Hi,
we are currently bringing the device property, and platform computations back to life outside of Hadoop. Data for the last few days has been computed and the jobs are running.
However, I am not sure about the old data that we have. Should we blend that in?
* For device properties, I found that http://stats.wikimedia.org/kraken-public/webrequest/mobile/device/props seem to contain property data for 2013-03-01 until 2013-05-15. Since this data stopped already in mid-May, I assume we have more data to blend in (end of May, June, July) at a different place.
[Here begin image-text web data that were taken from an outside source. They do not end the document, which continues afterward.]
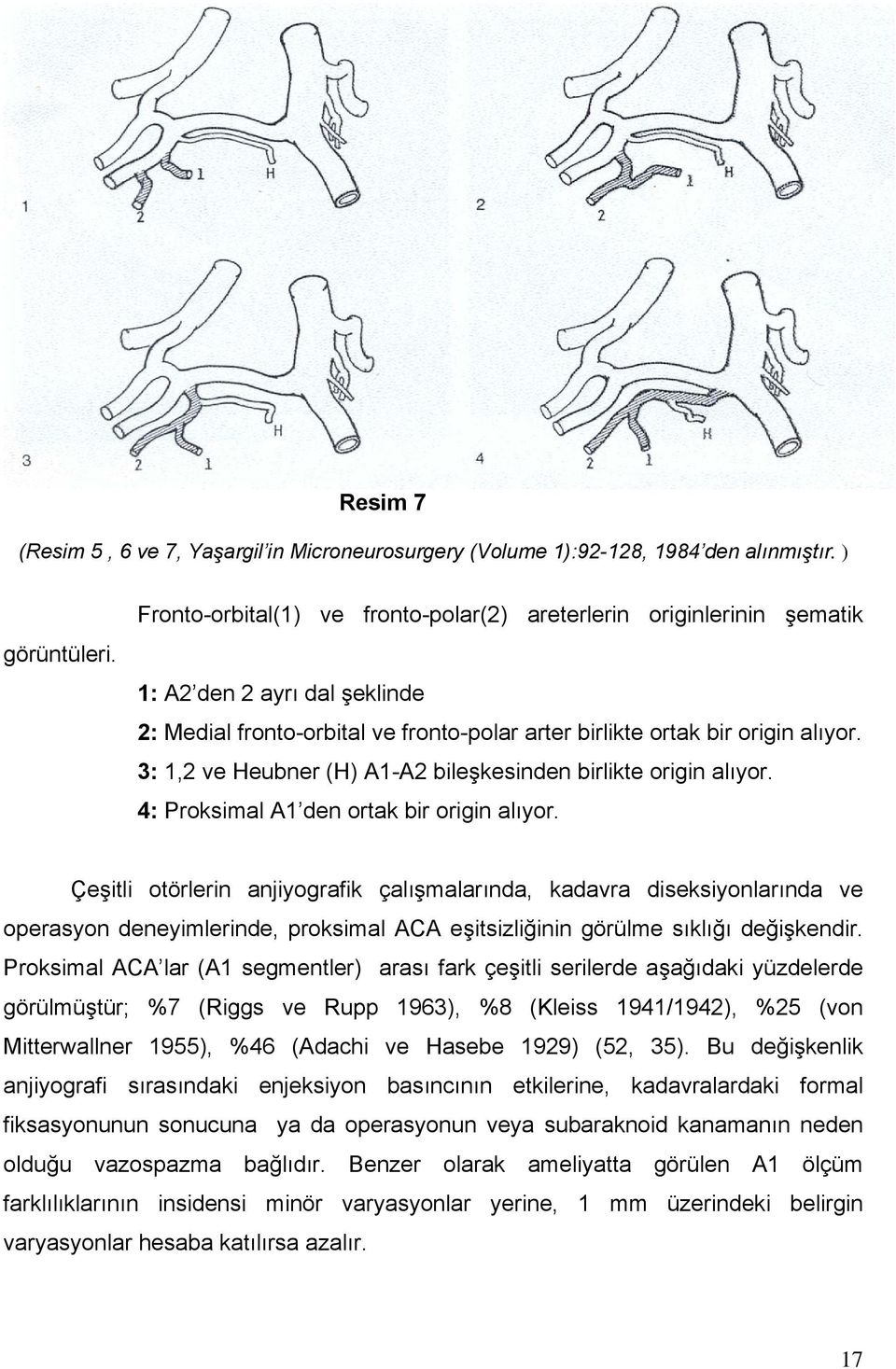 3: 1,2 ve Heubner (H) A1-A2 bileşkesinden birlikte origin alıyor. 4: Proksimal A1 den ortak bir origin alıyor.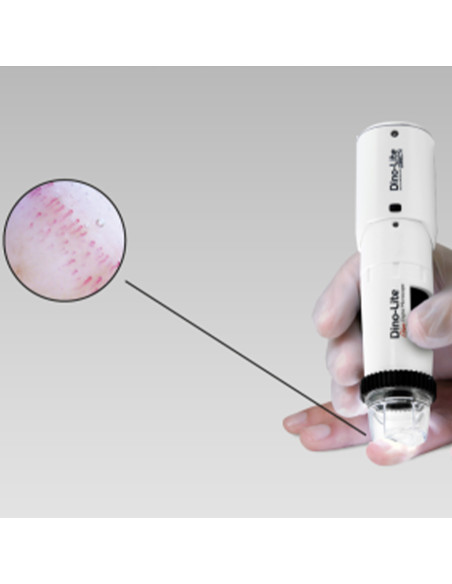 Wi-fi digital wireless capillaroscope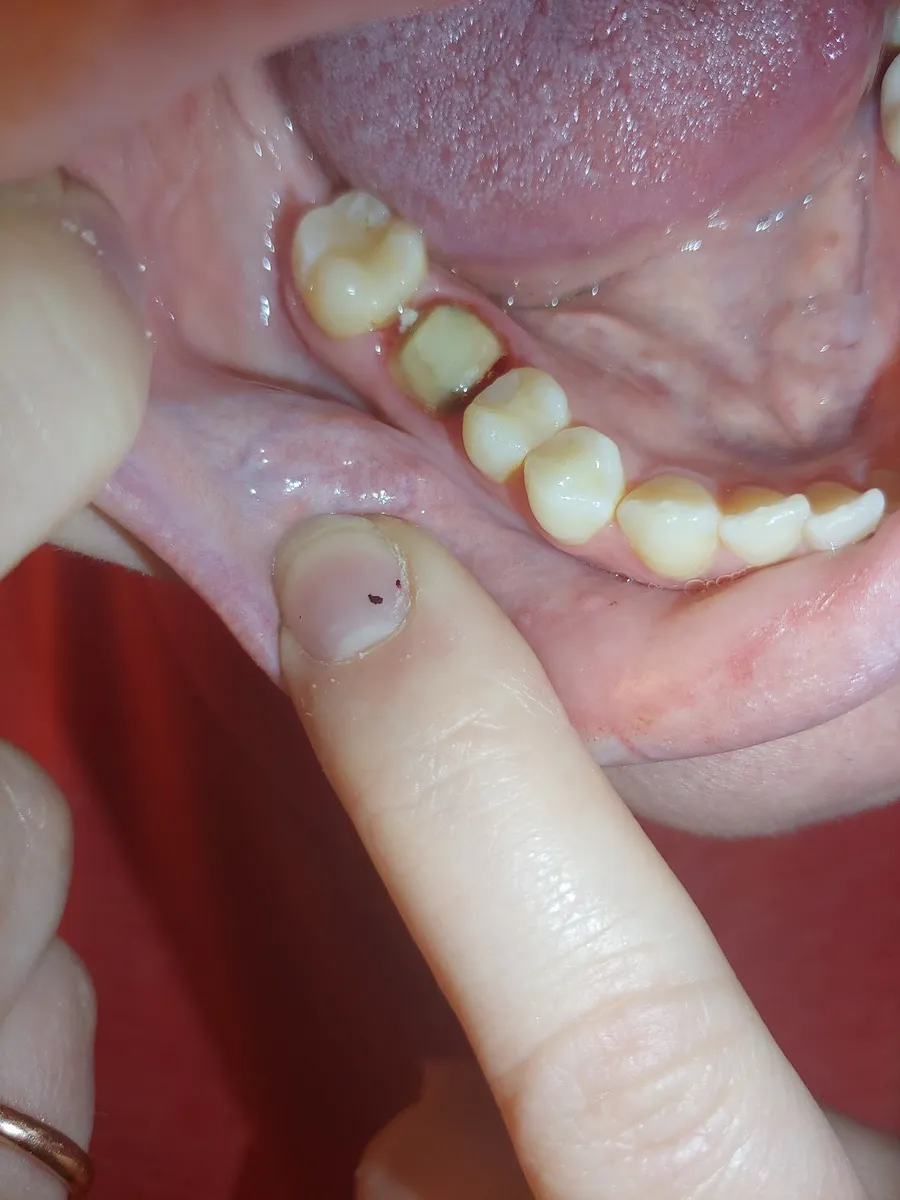 Aspen Dental - Niagara Falls, NY - Photo 4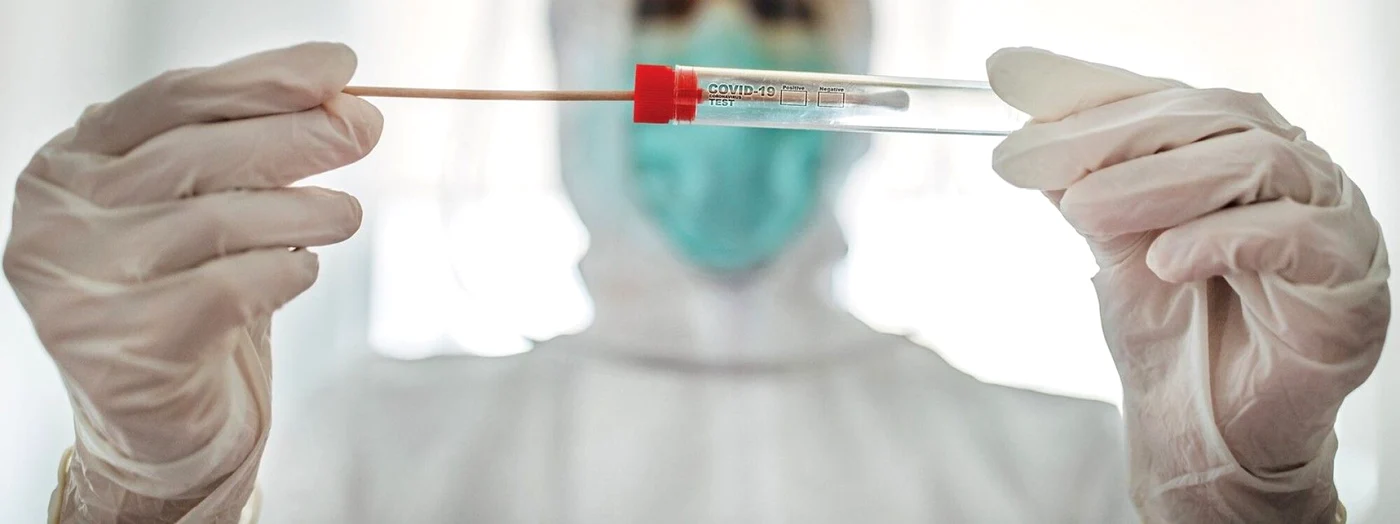 Prețul testelor anti Covid-19 RT-PCR este redus la jumătate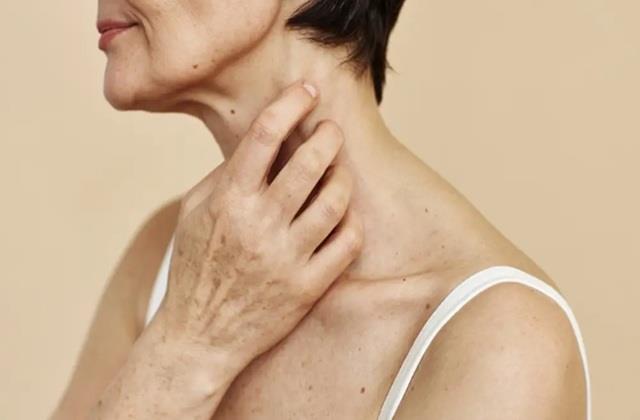 एक ऐसी बीमारी जिसकी शिकार है 70% महिलाएं, आप भी हो जाइए Alert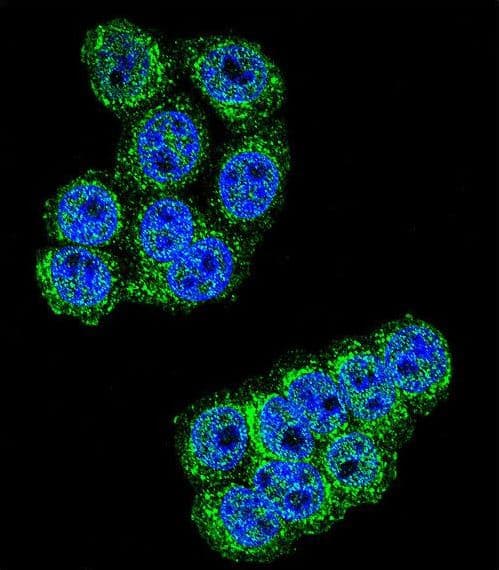 Dipeptidyl Peptidase 3 / DPP3 Antibody (aa583-612)
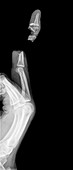 Amputated middle finger, X-ray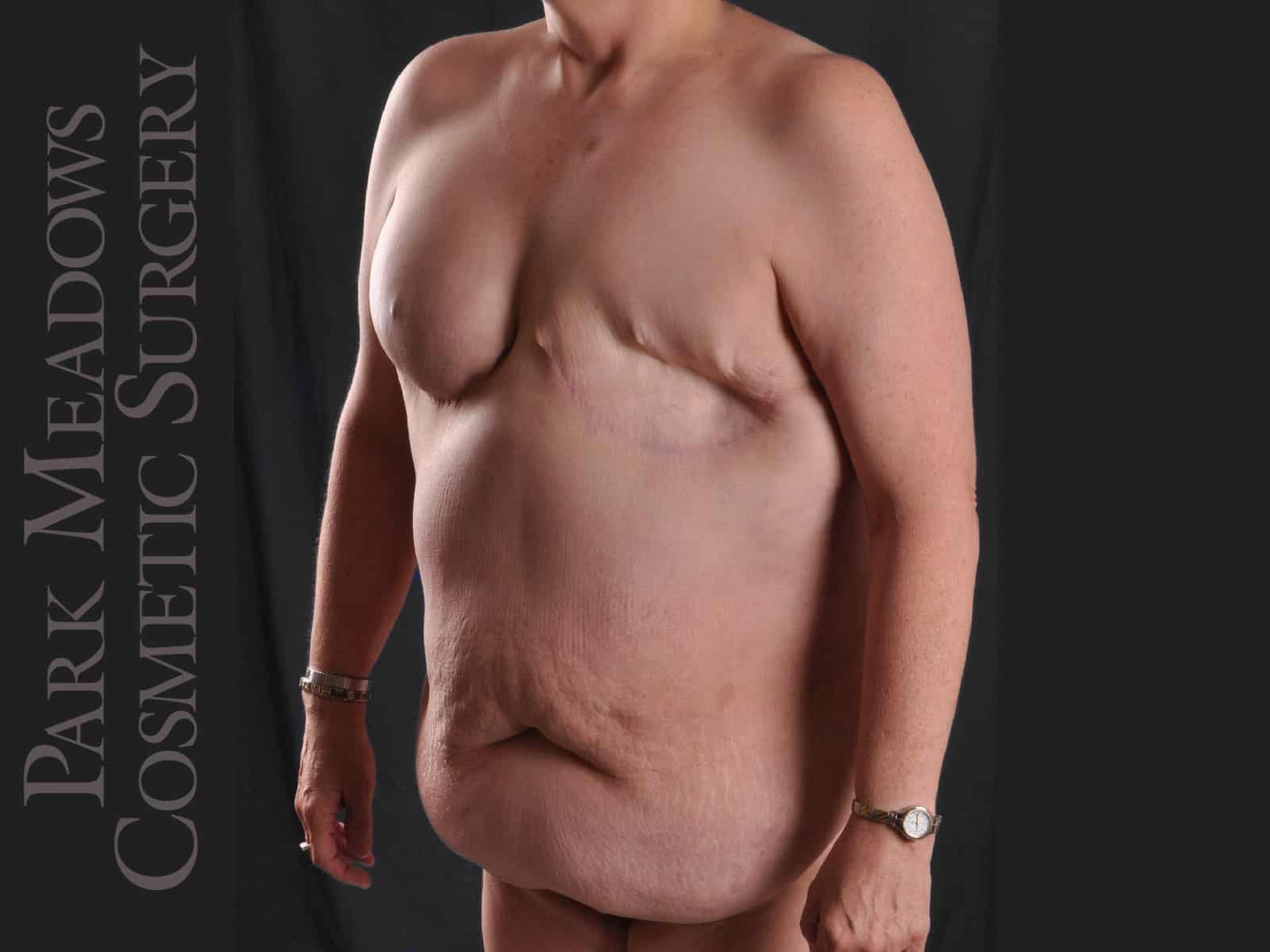 Before Image: Painful, failed implant, removed by another surgeon; removal of other implant, bilateral DIEP Flap, fat grafting, nipple reconstruction and areola pigmentation - left-front-oblique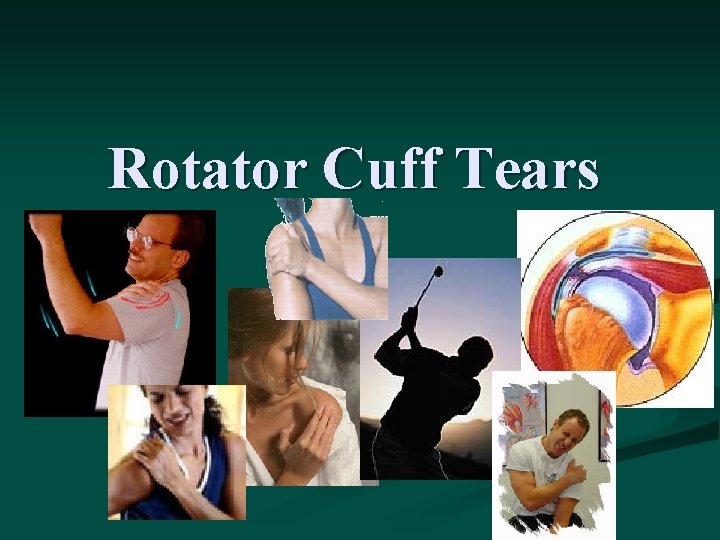 Rotator Cuff Tears 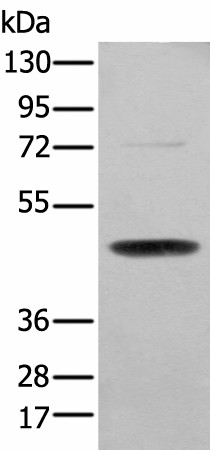 SERPINH1 Polyclonal Antibody (E-AB-53454)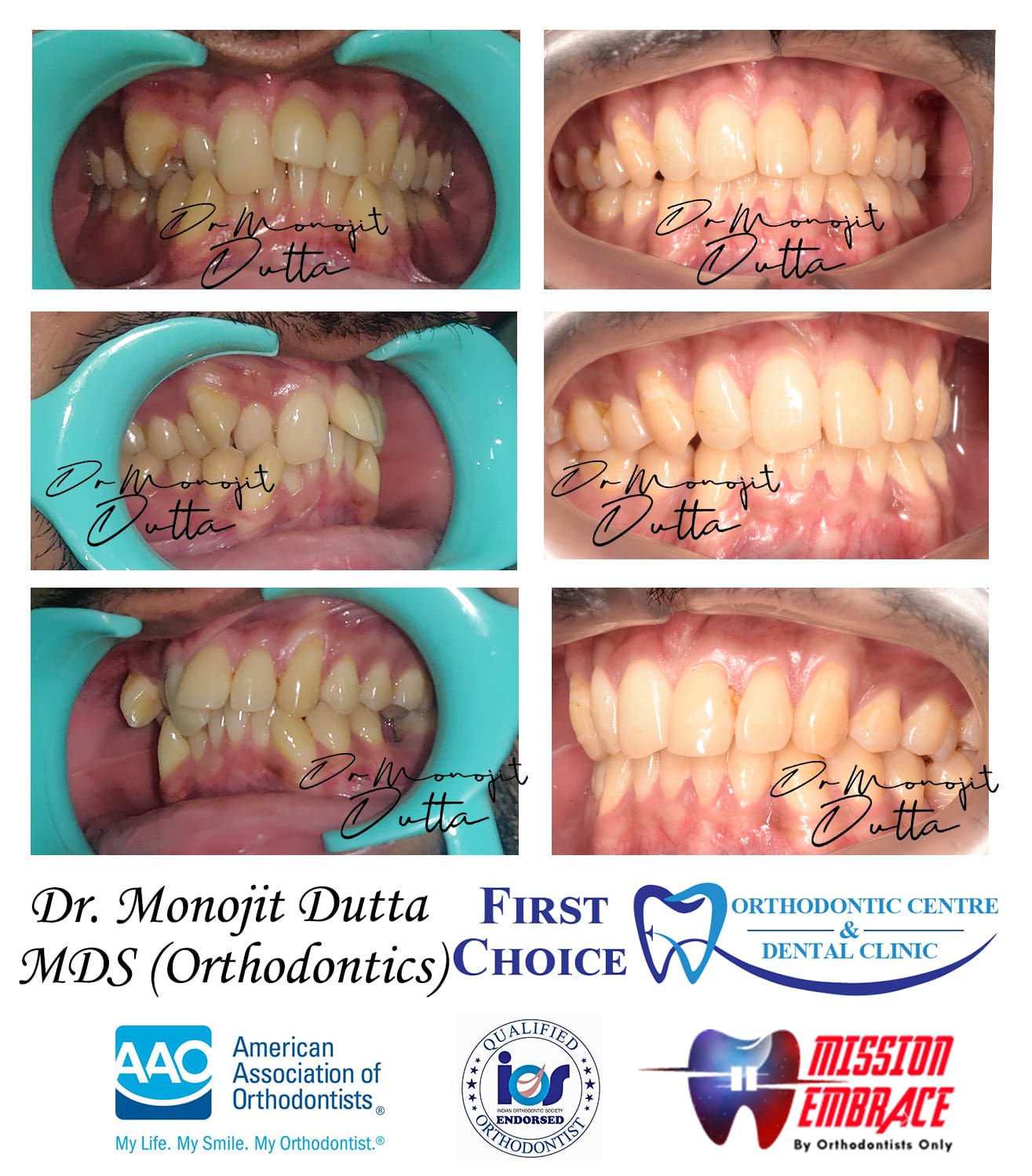 Dental Equipment at First Choice Ranchi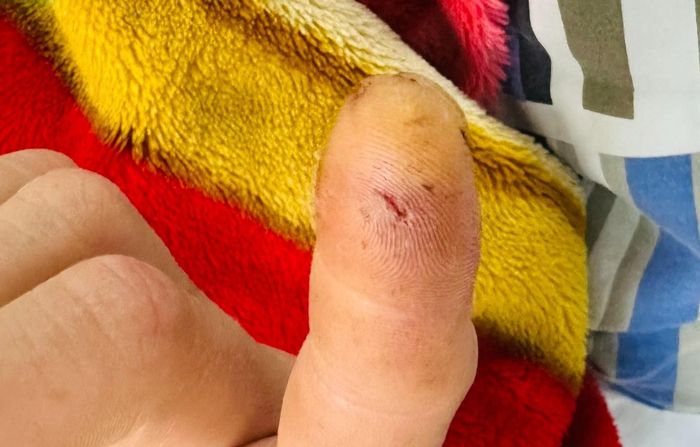  Culi cắn vào đầu ngón tay. Ảnh: BVCC. 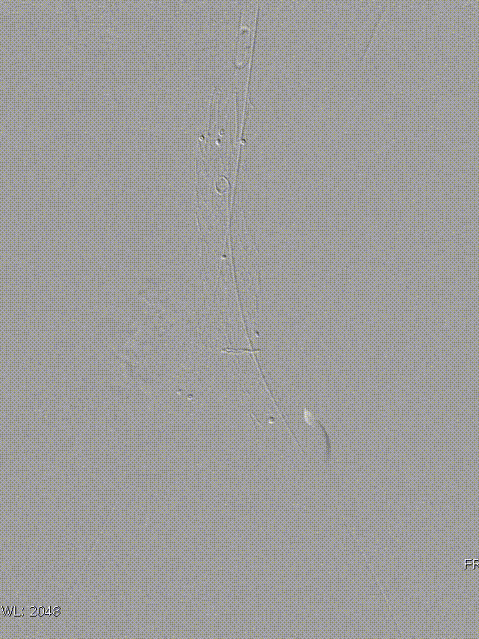 单猪尾支架怎么放【腹具匠新】吴华平教授团队：ENDURANT IIs 分叉支架开窗束径保留 IMA 治疗腹主动脉穿透性溃疡_https://www.jmylbn.com_新闻资讯_第33张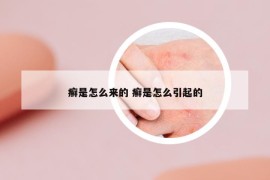 癬是怎么來的 癬是怎么引起的
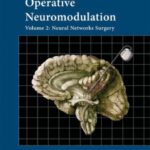 خرید و دانلود نسخه کامل کتاب Operative Neuromodulation Volume 2 Neural Networks Surgery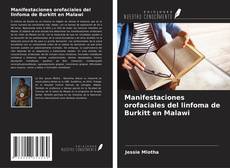 Buchcover von Manifestaciones orofaciales del linfoma de Burkitt en Malawi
Do we have such data? Do we know if the above data is good or it's just a relict from test runs?
* For platform data, I found that http://stats.wikimedia.org/kraken-public/webrequest/mobile/platform/mobile_p... has platform data from 2013-04-14 until 2013-07-20 in
However, I am not sure which of this data is valid. Naive, uneducated plausibility checks fail badly [1]. Do we know if/which data is good? Do we have a better or other sources for the platform job?
Best regards, Christian
[1] For example when only looking at the last few data points for Android for example Tuesdays we get [2]:
2013-04-16: 6438000 2013-04-23: 6300000 2013-04-30: 6559000 2013-05-06: 7267000 2013-05-13: 6954000 2013-05-27: 33335000 2013-06-04: 14388000 2013-06-11: 8563000 2013-06-18: 10241000 2013-06-25: 6896000 2013-07-09: 3454000 2013-07-16: 7206000
The highest value (33M) is 10 times as high as the lowest (3M)—within only three months. Even when considering those data points outliers (and we have readings that are even further out. Ranging from 1M–37M for Android), the lowest data point is half the highest data point. All on the same weekday! This looks suspicious.
[2] There is no data for 2013-05-20, and 2013-07-02.